Black Friday is dead. While the death might seem to have been breathtaking and quick — a drastic 11 percent drop in sales over Thanksgiving weekend — it was actually a long time coming, and the scars from the experience promise to shape retail’s future for a long time to come.

In 2012, RSR declared Black Friday to be dead. My personal argument ran like this: consumers have total transparency into Black Friday prices weeks, if not months, in advance. This means there’s no incentive for consumers to wait for Black Friday if they find a better deal earlier. And with all that time and visibility to find the best deals in advance, consumers discover that a lot of Black Friday deals aren’t that great to begin with — not because the prices aren’t low, but because the products tend to be low rated or lower-quality versions of what they really want. The end result is that only uninformed or desperate shoppers are enticed out early.

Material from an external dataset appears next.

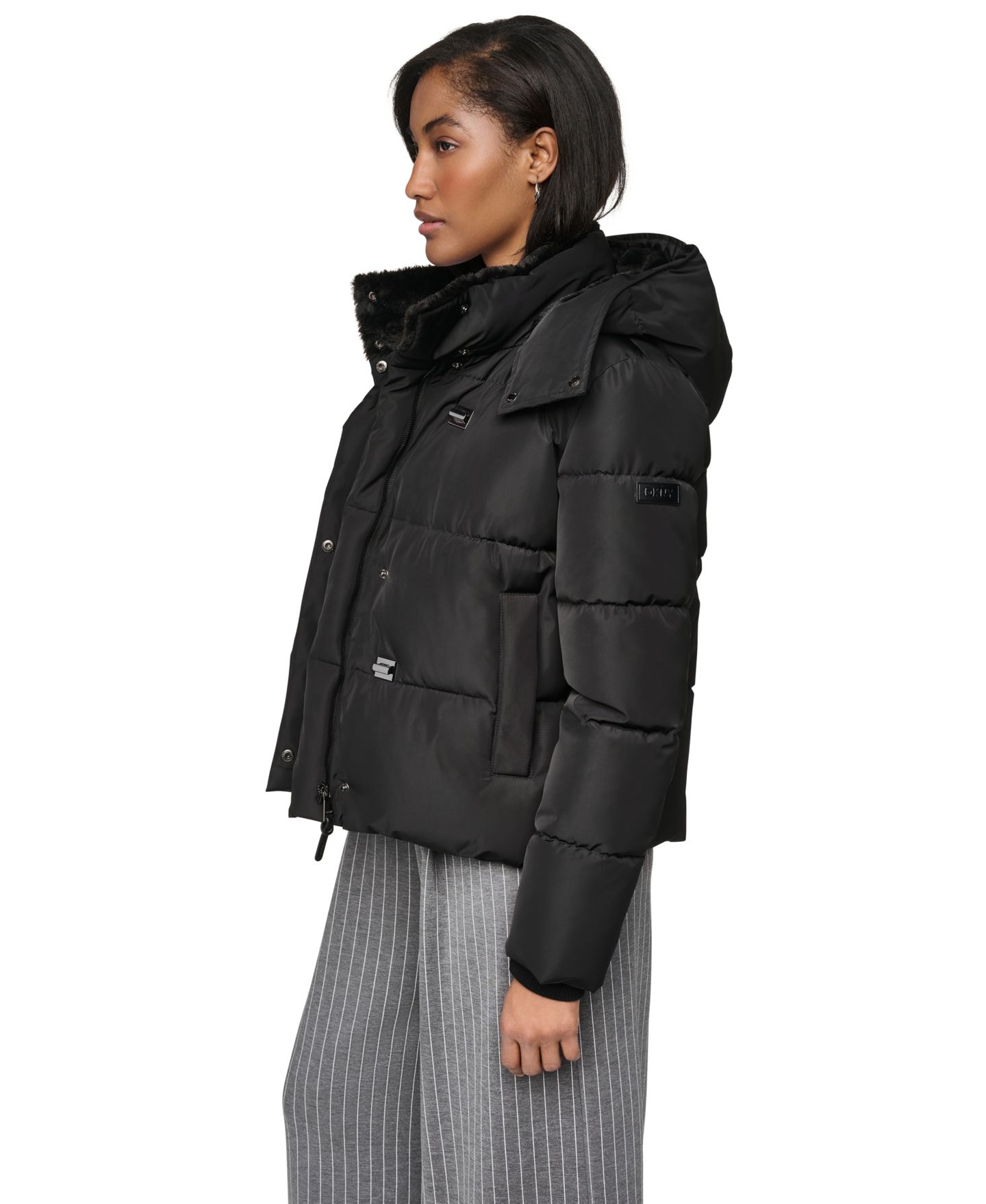 Женская куртка DKNY Short Toggle Stand Collar Puffer, цвет: Чёрный — фото 6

Fast-forward to 2014: The same impulse that led retailers to open earlier and earlier on Thanksgiving also led them to offer Black Friday deals online well before the actual date. The net result? An 11 percent drop in sales during Black Friday weekend. Amid the rush to rationalize this number, it’s easy to become numb to just how jaw-dropping that number is. And how much this changes retail.

When RSR declared Black Friday dead in 2012, we said that the shopping event was the last gasp of a dying store-based model. I think this realization came home to roost in 2014 … and it’s going to have the biggest impact on retail in 2015. There are plenty of retailers out there that have started down the path of “omnichannel transformation,” but I know for a fact that a lot of it is, if not exactly lip service, then at least being done because everyone else is doing it. In other words, they’re not really believers.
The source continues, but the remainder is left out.